Dass aus Gunter Demnig kein Maler werden würde, zeigte sich früh: Den in viele Stücke zerschlagenen Ziegelstein, den er als Fingerübung an der Kunstakademie von Kassel zu Papier zu bringen versuchte, sah jedes Mal aus "wie ein Pfannkuchen". Statt dessen baute der 1947 in Berlin Geborene erst ein paar merkwürdige Möbel, um dann als Aktionskünstler von sich reden zu machen. Die politische Motivation seiner Arbeit äußerte sich anfangs noch sehr plakativ, etwa als er 1971 die Sterne der amerikanischen Flagge durch Totenköpfe ersetzte. Mit der Zeit aber wurden seine Ideen konzeptueller. Wichtige Themen waren Spurensuche und -sicherung.

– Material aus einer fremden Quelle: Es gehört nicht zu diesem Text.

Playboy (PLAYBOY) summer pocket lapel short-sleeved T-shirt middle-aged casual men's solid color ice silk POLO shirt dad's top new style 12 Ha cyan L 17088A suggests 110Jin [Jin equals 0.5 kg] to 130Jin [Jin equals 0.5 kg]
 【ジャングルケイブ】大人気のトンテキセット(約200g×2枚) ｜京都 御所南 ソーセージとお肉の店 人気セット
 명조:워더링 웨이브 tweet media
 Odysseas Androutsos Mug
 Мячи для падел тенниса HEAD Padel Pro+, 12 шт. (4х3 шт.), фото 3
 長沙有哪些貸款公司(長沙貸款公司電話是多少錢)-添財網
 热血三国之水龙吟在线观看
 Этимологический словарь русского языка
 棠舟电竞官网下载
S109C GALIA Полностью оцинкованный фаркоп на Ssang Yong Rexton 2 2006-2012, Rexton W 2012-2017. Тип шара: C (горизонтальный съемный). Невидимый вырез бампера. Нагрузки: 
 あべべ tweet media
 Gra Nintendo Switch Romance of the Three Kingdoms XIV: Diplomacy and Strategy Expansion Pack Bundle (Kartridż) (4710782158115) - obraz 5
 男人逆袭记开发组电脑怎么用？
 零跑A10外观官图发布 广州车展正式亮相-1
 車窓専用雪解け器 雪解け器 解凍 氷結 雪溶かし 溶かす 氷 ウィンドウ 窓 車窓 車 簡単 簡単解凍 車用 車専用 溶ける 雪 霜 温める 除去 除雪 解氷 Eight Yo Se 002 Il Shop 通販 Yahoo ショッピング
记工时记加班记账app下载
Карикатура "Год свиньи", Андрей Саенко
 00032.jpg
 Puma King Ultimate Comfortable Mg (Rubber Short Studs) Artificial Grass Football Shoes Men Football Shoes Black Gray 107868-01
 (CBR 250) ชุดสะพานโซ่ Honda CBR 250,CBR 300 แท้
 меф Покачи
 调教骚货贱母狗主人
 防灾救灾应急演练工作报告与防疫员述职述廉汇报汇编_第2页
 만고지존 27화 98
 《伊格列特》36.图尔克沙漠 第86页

Aus Demnig wurde so etwas wie der Forrest Gump der deutschen Kunstszene, der eine Kreidelinie von Kassel, wo er inzwischen selbst lehrte, bis nach Paris zog, einen Ariadne-Faden zwischen der documenta-Stadt Kassel und der Biennale-Stadt Venedig knüpfte oder von einem polnischen Container-Schiff auf dem Weg nach New York im sechs-Stunden-Rhythmus eine Flaschenpost dem Atlantik übergab. Ernster wurde er, als er bis in vorchristliche Zeit zurück weisende Daten von Friedensverträgen in Blei schlug oder an den Übergängen zwischen Berlin West und Ost Bleiteppiche auslegte.
Heute ist Demnig in Köln zu Hause. Von dort aus erinnert er seit 2000 in ganz Europa an Holocaust-Opfer, indem er vor deren früheren Wohnungen "Stolpersteine" verlegt. Ein Stein steht für ein Schicksal. Messingplatten, auf denen jeweils ein Name eingeschlagen ist und die die obere Stein-Seiten abschließen, machen dies greifbar. 5 000 dieser zehn mal zehn mal zehn Zentimeter großen Betonquader liegen inzwischen in insgesamt 70 Städten. Öffentliche Etats werden dadurch nicht belastet. Paten übernehmen die anfallenden Kosten von 95 Euro pro Stein.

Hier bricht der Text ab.